“Clean,” a song currently being played on Christian radio, along with a most painful story playing out at a rather short distance from my own life, have prompted me to reflect once more on how God, through his Christ, sees us (as opposed to how we typically choose to see one another). It seems that we humans have an uncanny knack of elevating others’ choices, when we deem them to be poor choices, up some supposed ladder of sin all the while allowing our own choices (which are often questionable as well) to remain on a lower rung of that very same sin ladder. Thus, we view ourselves as squeaky clean if we appear “normal,” whatever that might actually mean, to those around us who see us from the outside only; but not a one of us, on our own, is clean enough for the presence of our most holy God.
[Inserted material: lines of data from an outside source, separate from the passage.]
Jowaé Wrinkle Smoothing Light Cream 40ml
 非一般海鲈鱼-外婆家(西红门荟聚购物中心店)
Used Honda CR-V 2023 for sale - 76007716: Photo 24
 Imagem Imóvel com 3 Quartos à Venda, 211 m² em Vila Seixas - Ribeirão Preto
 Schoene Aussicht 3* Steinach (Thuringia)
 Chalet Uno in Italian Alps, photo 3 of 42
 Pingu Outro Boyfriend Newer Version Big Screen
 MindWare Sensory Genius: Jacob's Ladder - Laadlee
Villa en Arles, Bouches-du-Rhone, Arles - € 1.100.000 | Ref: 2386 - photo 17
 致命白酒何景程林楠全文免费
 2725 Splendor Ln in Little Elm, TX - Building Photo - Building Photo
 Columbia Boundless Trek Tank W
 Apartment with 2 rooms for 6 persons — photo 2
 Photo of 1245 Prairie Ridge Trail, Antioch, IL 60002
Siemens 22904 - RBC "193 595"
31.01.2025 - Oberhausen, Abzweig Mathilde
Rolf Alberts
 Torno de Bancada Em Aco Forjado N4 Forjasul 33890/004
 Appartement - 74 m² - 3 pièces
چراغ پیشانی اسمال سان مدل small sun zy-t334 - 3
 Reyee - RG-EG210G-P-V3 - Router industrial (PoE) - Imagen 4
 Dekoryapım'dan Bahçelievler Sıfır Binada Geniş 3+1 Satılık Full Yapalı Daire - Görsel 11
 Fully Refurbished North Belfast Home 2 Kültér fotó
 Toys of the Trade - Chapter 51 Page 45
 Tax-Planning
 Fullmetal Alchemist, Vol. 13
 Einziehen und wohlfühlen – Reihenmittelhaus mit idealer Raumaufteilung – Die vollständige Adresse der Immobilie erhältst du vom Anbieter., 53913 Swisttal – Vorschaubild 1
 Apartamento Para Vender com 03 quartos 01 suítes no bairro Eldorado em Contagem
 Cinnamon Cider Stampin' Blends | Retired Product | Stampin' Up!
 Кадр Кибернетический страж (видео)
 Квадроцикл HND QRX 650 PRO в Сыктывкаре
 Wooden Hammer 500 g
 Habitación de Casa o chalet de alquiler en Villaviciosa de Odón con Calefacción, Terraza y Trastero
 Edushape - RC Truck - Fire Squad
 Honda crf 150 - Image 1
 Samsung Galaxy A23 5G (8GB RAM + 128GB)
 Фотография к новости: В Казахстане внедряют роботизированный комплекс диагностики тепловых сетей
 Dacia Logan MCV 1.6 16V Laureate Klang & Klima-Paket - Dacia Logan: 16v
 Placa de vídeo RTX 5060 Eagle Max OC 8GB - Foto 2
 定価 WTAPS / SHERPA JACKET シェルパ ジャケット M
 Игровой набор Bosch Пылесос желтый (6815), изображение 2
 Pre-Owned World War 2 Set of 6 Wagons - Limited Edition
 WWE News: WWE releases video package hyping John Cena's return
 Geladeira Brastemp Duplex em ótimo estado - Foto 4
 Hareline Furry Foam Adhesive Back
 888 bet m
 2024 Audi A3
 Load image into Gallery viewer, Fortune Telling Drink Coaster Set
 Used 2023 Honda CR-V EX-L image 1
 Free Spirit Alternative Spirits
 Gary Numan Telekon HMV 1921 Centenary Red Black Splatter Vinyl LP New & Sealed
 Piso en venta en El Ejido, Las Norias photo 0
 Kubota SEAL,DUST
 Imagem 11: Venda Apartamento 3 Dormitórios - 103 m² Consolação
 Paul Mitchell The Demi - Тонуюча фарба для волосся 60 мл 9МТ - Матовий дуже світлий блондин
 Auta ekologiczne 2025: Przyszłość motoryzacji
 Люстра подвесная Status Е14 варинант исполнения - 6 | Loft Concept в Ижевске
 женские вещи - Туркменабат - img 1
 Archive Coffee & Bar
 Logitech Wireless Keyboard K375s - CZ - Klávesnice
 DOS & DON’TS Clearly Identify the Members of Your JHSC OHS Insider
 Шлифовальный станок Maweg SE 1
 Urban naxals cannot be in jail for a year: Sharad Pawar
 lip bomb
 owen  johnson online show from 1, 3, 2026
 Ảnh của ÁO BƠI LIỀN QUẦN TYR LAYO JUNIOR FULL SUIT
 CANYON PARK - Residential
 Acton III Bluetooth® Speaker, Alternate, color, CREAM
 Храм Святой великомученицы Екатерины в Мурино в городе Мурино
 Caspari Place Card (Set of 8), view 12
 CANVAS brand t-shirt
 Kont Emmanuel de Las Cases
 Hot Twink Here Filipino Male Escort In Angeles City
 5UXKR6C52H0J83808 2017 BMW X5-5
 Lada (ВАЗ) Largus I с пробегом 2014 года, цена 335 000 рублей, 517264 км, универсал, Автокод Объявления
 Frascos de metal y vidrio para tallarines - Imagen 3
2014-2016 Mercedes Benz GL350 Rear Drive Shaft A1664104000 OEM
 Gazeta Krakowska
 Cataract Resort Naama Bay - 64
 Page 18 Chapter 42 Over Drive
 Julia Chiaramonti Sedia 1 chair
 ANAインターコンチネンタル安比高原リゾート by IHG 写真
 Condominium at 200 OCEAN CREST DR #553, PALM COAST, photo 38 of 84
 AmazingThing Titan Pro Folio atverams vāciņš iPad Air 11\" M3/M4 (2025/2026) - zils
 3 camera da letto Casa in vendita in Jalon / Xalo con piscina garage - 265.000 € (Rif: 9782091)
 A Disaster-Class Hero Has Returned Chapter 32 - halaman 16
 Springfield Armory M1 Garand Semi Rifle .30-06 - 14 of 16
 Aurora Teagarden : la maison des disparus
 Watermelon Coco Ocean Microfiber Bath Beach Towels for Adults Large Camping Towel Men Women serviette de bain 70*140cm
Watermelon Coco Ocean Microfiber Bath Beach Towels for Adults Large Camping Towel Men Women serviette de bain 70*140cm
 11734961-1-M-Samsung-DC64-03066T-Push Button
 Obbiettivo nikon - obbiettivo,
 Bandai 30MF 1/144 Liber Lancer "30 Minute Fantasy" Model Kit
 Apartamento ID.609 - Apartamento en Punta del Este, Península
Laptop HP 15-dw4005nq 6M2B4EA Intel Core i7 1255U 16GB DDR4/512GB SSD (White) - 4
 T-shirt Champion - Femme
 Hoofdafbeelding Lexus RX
Yes, the thing that we’re perhaps forgetting is that we all have battles playing out within us, fights in the very flesh that does indeed envelope us, and thus even the very best that we have to offer up is lacking; and that is precisely why God sacrificed his very best for us all–so that there would be a way for us to always measure up to his standard, no matter the mess we might be. Jesus the Christ is that way…is the Way. And nothing about us and the people we love is ever too much for him. Being too far gone for his coverage is a lie of man, is a lie of the enemy. We can turn any and every battle within us over to him and trust him with the outcome, even and especially when this broken world chooses to tell us we can’t.
“There’s nothing too dirty that You can’t make worthy. You wash me in mercy. I am clean.” These are part of the “Clean” lyrics Natalie Grant sings. I think we all need to know this, even those of us who think we don’t; we all need to know, on some deep and perhaps hidden level, that the very worst thought and/or action in us does not make us unfit for life, for goodness, for light, for others, for God. I think it was C.S. Lewis who said that, until we begin to grasp how very wretched even the finest man or woman among us is, we will never be able to even begin to fathom the height and depth of God’s love for us. As God himself tells us, “Though your sins are like scarlet, they shall be as white as snow; though they are red like crimson, they shall become like wool” (Isaiah 1:18). That’s the kind of God we have–the kind of God who is willing to do whatever it takes to clean us up ever so perfectly so that we, the sinners that we all are, are worthy to pull up a chair at his table and sup with him, the King of the world.
I always think that your current blog is the best one that you have ever written but this one is one of the kindest and most thought-provoking of one of mankind’s worst faults, that of judging others and thinking that their sins are worse than ours. Sin Is sin and that is that! It is always good to think back to all of the foolishness that we have all done or said in our lives before we thrust one tiny speck of dirt toward another human being. May we all think before we speak.
Thank you for writing, Kay (and for reading)! I do always love hearing from you. You are such an encouragement; and I appreciate your thoughts so very much.